Until it doesn’t. What people in law firms and law schools have been telling me over the course of this year is that they’re deeply worried about the lawyer development system. Specifically, they’re saying: “We don’t know where the next generation of lawyers is going to come from.”

Let’s start with one of the legal profession’s oldest truisms: Law schools don’t teach people how to be lawyers. Not only is this inarguably true, I don’t see how it could be otherwise. If it takes an average of 7 to 13 years to really “become” a lawyer, law school can do no more in its three years than get the ball rolling. Law schools are not set up to teach people how to deliver legal services to clients, and they can’t be reconfigured to play that role without gutting them and converting them into completely new entities. If we want to have lawyer development academies that mix classroom instruction with supervised work opportunities for ten years before granting a license to practise law, that’s fine; but that’s not the world we currently live in.
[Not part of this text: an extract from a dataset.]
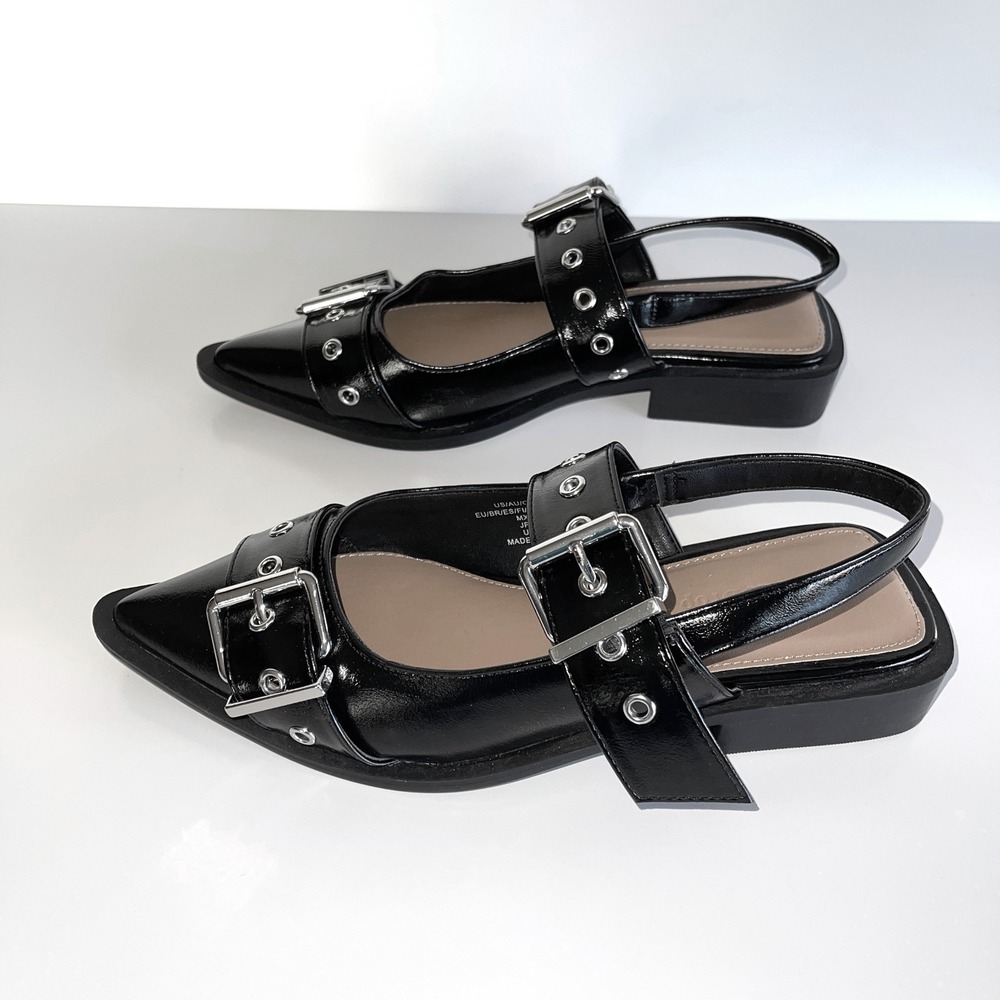 The Drop Womens Black Pointed Toe Slingback Buckle Flats Shoes Size 7.5 NWOT - Picture 2 of 8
And anyway, law schools haven’t had to “teach people how to be lawyers,” because the profession has effectively outsourced this job to the private sector. Most lawyers’ early development time — say, between three and eight years after their first day of law school — is spent working for more experienced lawyers (usually in law firms) rather than directly for clients. The well-worn path looks like this:

  • Step 1: Get hired as a new associate at a law firm.
  • Step 2: Work really hard.
  • Step 3(a): After a period of six to twelve years, accept an invitation to join the equity partnership, after which you can continue to work really hard while getting a cut of other lawyers’ revenue.
  • Step 3(b): Alternatively, anytime between the first and twelfth year on the job, leave the firm to join (i) another law firm, (ii) a corporate or public-sector law department, (iii) sole practice, or (iv) some other type of employment inside or outside the legal market.

I expect that would describe the path into the legal profession for at least 90% of the lawyers reading this post, as well as for their colleagues and supervisors. It’s so ingrained into the profession that we scarcely notice it anymore. We take it for granted that once we leave law school, a wide range of private businesses will welcome us into the working profession and pay us an annual salary to bill thousands of hours to clients while learning the intricacies and nuances of law practice.
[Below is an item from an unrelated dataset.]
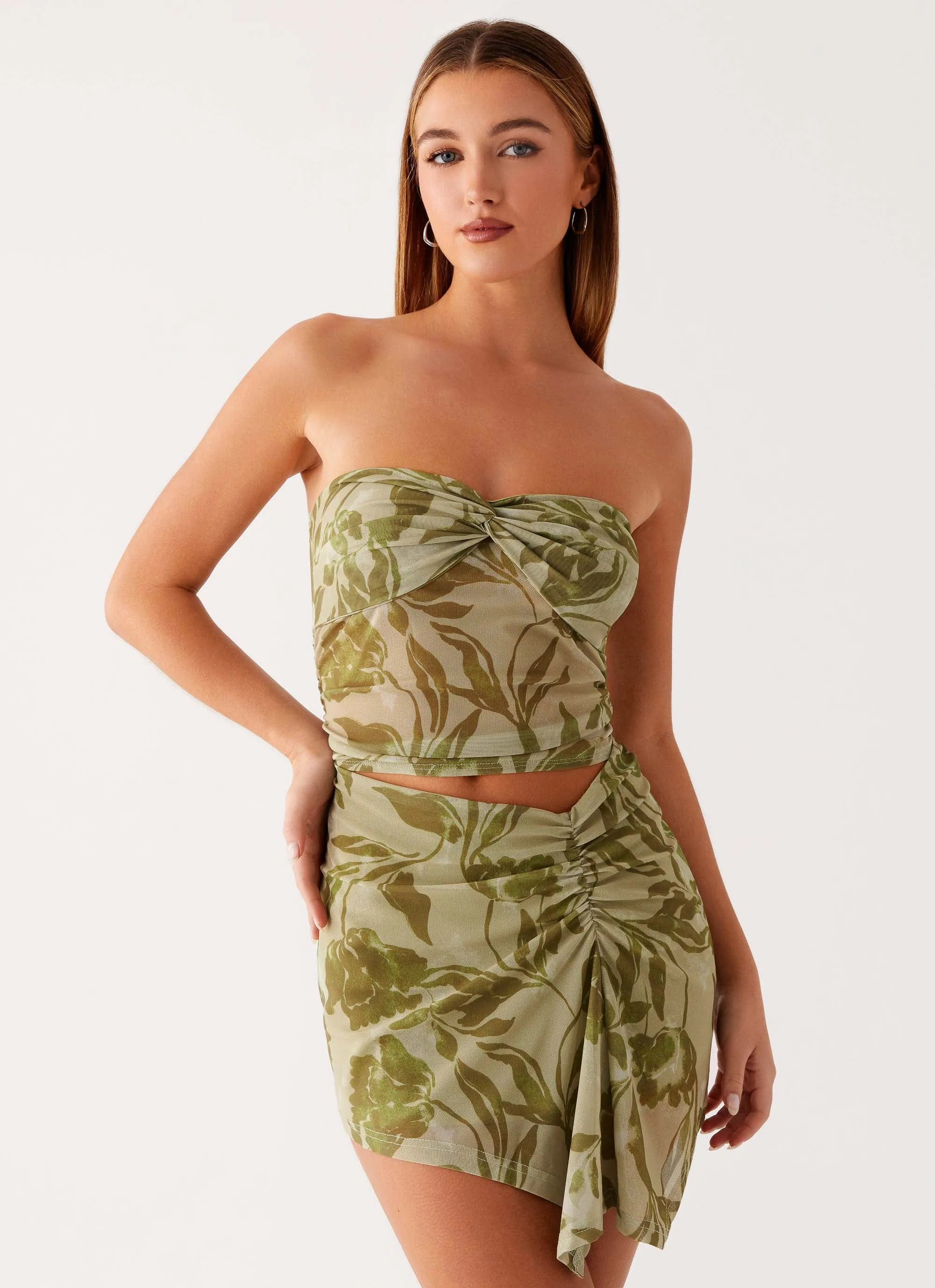 Varona Mini Dress - Jade Fern Silk Touch Soft Focus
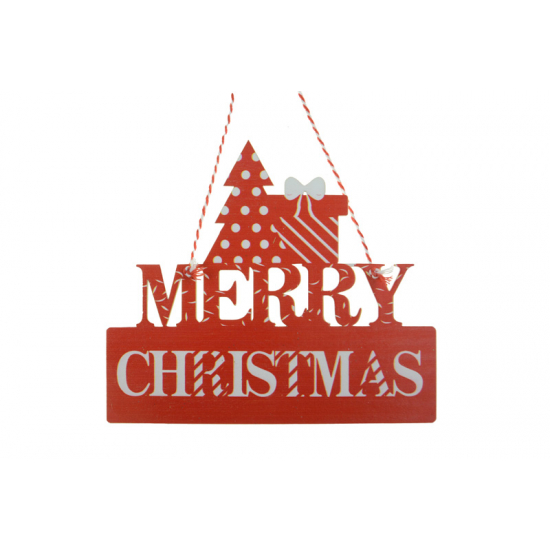 Merry Chirstmas felirat fa 30X11CM akasztós piros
Not every law firm does a good job of developing lawyers, of course. At many law firms, the quality of these early years of lawyer development is pretty abysmal: On-the-job experience substituting for actual training, trial-and-error learning taking the place of mentored instruction, and crushing billing pressures outweighing almost all other considerations. But this system more or less does the job of getting new law graduates from knowing nothing about law practice to knowing something about it, inside a (relatively) quality-controlled environment.
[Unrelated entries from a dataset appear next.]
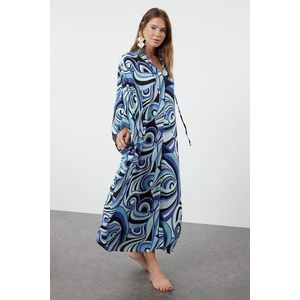 Trendyol Abstract Patterned Wide Fit Maxi Woven Beach Dress obraz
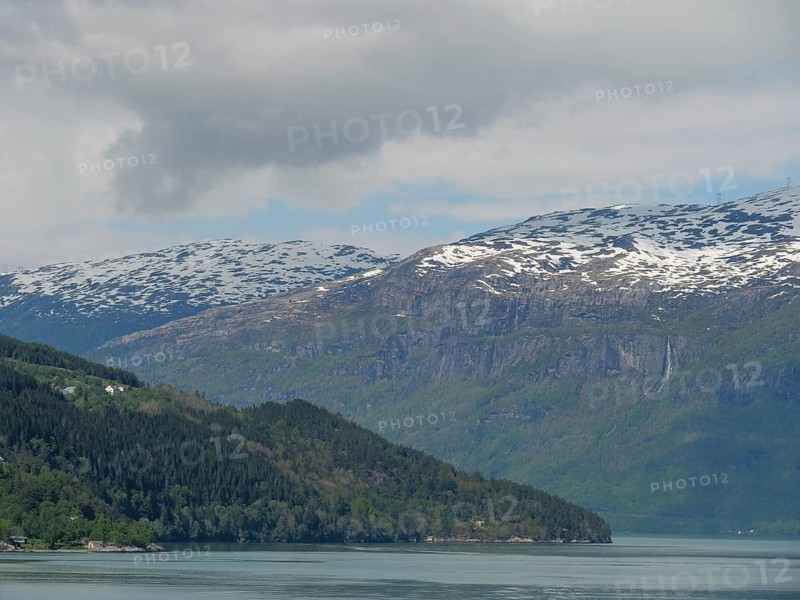 Impressive landscape with snow-capped mountains, a lake and forest under a slightly cloudy sky, greenish shimmering water in a fjord with snow-capped mountains and green trees, eidfjord, Norway, Europe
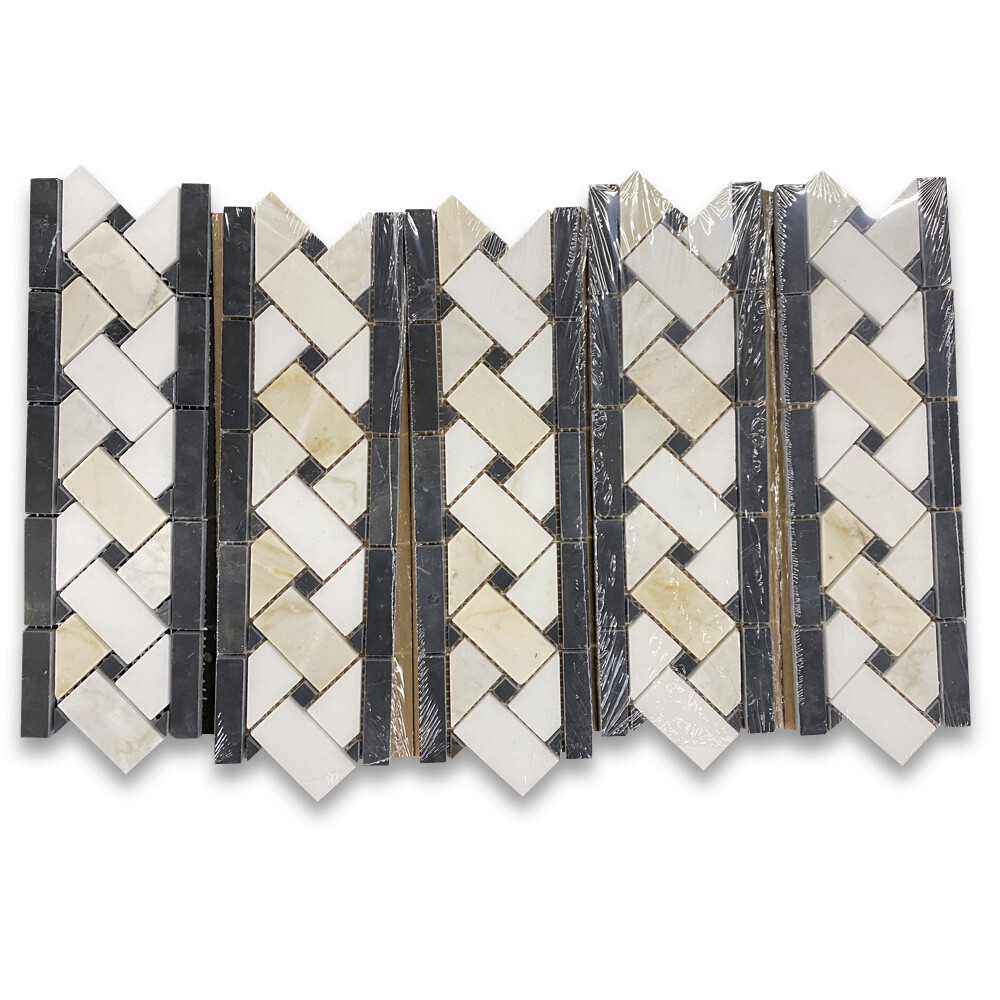 G651BXH Calacatta Gold Calcutta Marble 4×12 Basketweave Mosaic Border Honed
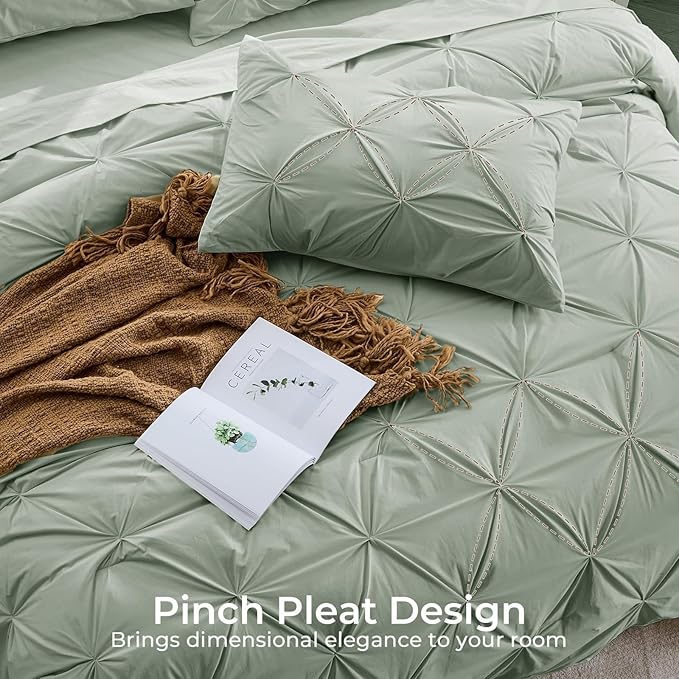 Sasttie King Size Comforter Set, 7-Piece Bed in a Bag, Pintuck Bedding Sets for All Season, Includes Comforter, Flat Sheet, Fitted Sheet, Pillowcases and Pillowshams, Dusty Green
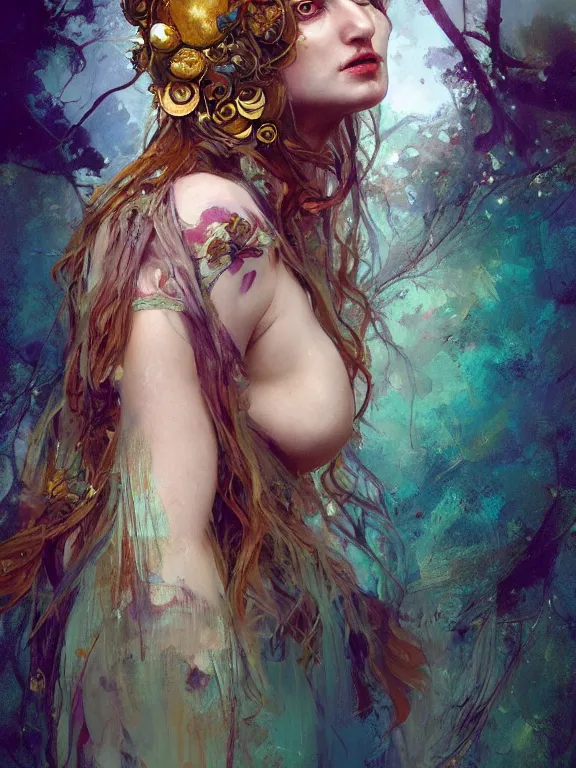 Prompt: Full view portrait Bohemian Maiden goddess of the woods, 4k digital illustration by Ruan Jia and Alberto Seveso, art nouveau iconography background, head head face face, award winning art, gold details, rim light, tarot card, intricate details, realistic, full view, Artstation, CGsociety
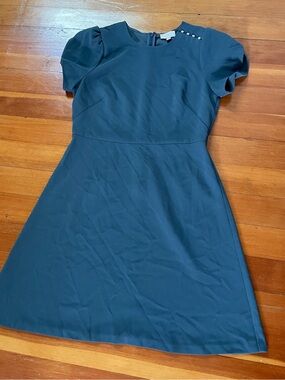 LOFT outlet- super sweet Women's puffed Sleeve A-Line midi Dress in Teal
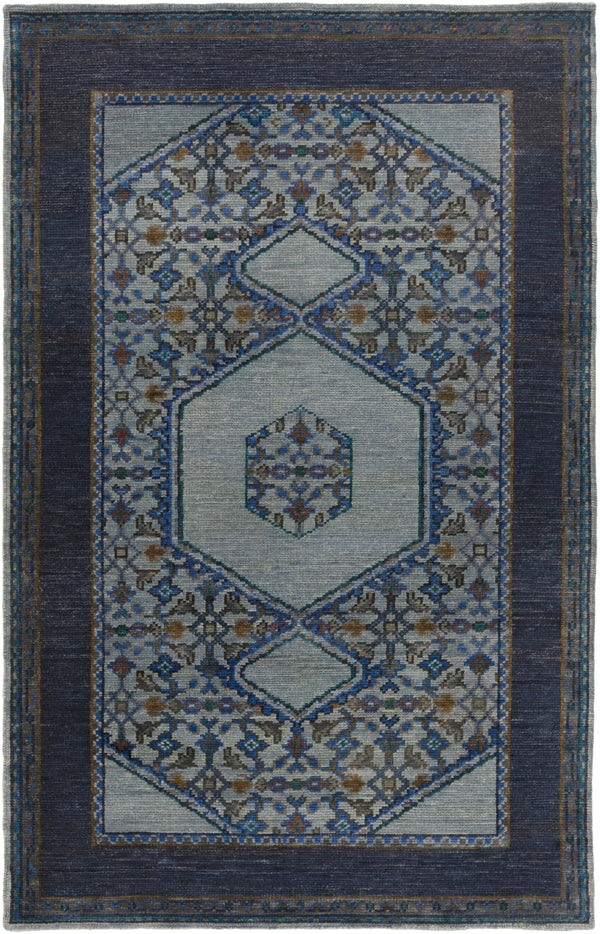 Haven HVN-1218 Traditional Wool Rug HVN1218-913 Denim, Navy, Charcoal, Emerald, Dark Blue, Olive, Dark Brown, Dark Green 100% Wool 9' x 13'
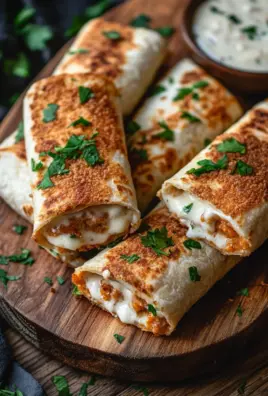Crispy Cheesy Garlic Chicken Wraps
To be clear, law firms don’t play this critical role in the lawyer development system just to help the legal profession. It’s not an act of charity. They do it because they can bill their associates’ time spent working on basic, low- to medium-level tasks, pay them less than the revenue they generate, and pocket the resulting profits. And even though attrition will cost them most of these lawyers over the years, one or two will make it through this gauntlet ready to buy equity in the firm and keep the place solvent for another year. The rest of those new hires will eventually fan out across the legal market and keep the lawyer landscape populated.

This entire system, however, with all its benefits and faults, rests on a single and increasingly fragile foundation:

  • Step 1: Get hired as a new associate at a law firm.

Law schools, bar admission personnel, and (without realizing it) clients all assume that law firms will keep doing what they’ve been doing for years: Hire new lawyers and show them the ropes. The entire lawyer development system hinges on law firms acting as that bridge out of law school. If law firms were to stop doing that, or even to severely curtail their new-lawyer hiring, it’s not an exaggeration to say that this system would simply break down.

I submit that we’ve already entered this process, right now. It looks like this:

1. The “low- to medium-level tasks” that used to occupy associates’ time have been migrating from law firms to more cost-effective performers such as software, ALSPs (including a growing number of law firm spinoffs and subsidiaries), and clients themselves. These tasks are routine and highly procedural, yet law firms still want to perform and bill them the same way they perform and bill highly specialized partner tasks. That value mismatch means firms have difficulty competing for this work. The US economy has been surging for almost a decade, yet “the overall growth trend for demand for law firm services [in that time] has been essentially flat to negative in every year.” That lost demand for law firm hours is very probably “associate work” that is no longer being given to associates.

Courtesy Prof. William Henderson. Click to enlarge.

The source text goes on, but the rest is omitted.